Coal Production Plummets to Lowest Level in 35 Years
Coal production in the United States is plummeting to levels not seen since a crippling coal strike 35 years ago, according to a report released by the Energy Department on Friday.
The coal industry in recent years has been plagued by bankruptcies as power utilities increasingly moved to replace coal with cheap natural gas and renewable sources, like solar and wind energy. Coal was once the dominant source of the nation’s electricity generation, but consumption of the fossil fuel has declined by nearly a third since its peak in 2007.
Once gradual, the decline in coal mining appears to be picking up momentum. Coal production in the United States of 173 million tons for January through March was the lowest in any quarter since 1981. The quarterly production total represented a 17 percent decline from the previous quarter, the steepest quarter-over-quarter drop in nearly 32 years.
Part of the reason for the production drop were the above-normal temperatures through much of the nation in recent months, which lowered electricity demand. Utilities had stockpiled an additional 34 million tons of coal during the final months of 2015, anticipating a colder winter.
But the Energy Department noted broader forces at play in its brief report.
“Coal production has declined because of increasingly challenging market conditions for coal producers,” the report said. “In addition to complying with environmental regulations and adapting to slower growth in electricity demand, coal-fired generators also are competing with renewables and with natural gas-fired electricity generation during a time of historically low natural gas prices.”
The biggest declines in production came in the Powder River basin of Montana and Wyoming.
The Obama administration has suspended new coal leasing on federal lands, and worked to tighten environmental regulations on burning of coal. Those efforts have been challenged in the courts, but could eventually gain momentum as Washington complies with commitments made last year during climate talks in Paris.

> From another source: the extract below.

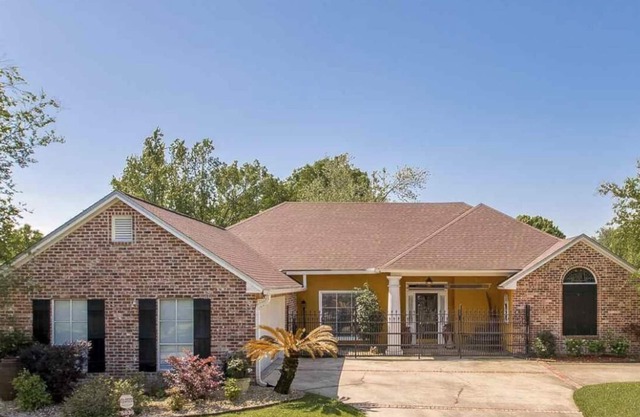 Relaxing, Convenient, Comfortable 3 BR House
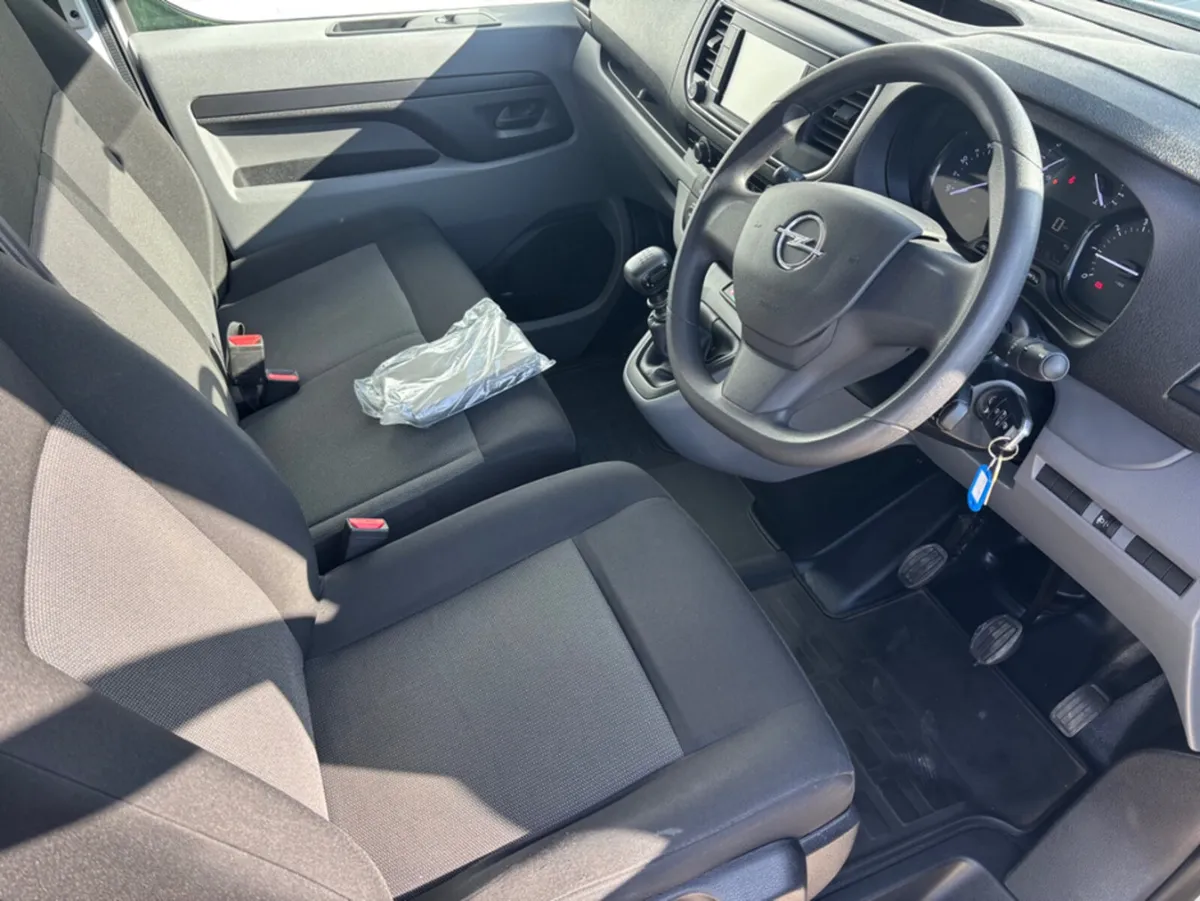 Opel Vivaro L2H1-1.5 100PS-6SP MAN 100PS-DIE-6SP 5 - Image 2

In recent years, coal companies have pinned their hopes on exports, as coal remains an important power source in Asia and Europe. But slow economic growth and low international coal prices, also depressed by the increase in liquefied natural gas trade, has contributed to a decline in coal exports.
The Energy Department recently reported that coal exports in March were 32 percent below the same month in 2015. The department forecasts an annual coal export decline of 10 percent this year and 12 percent in 2017.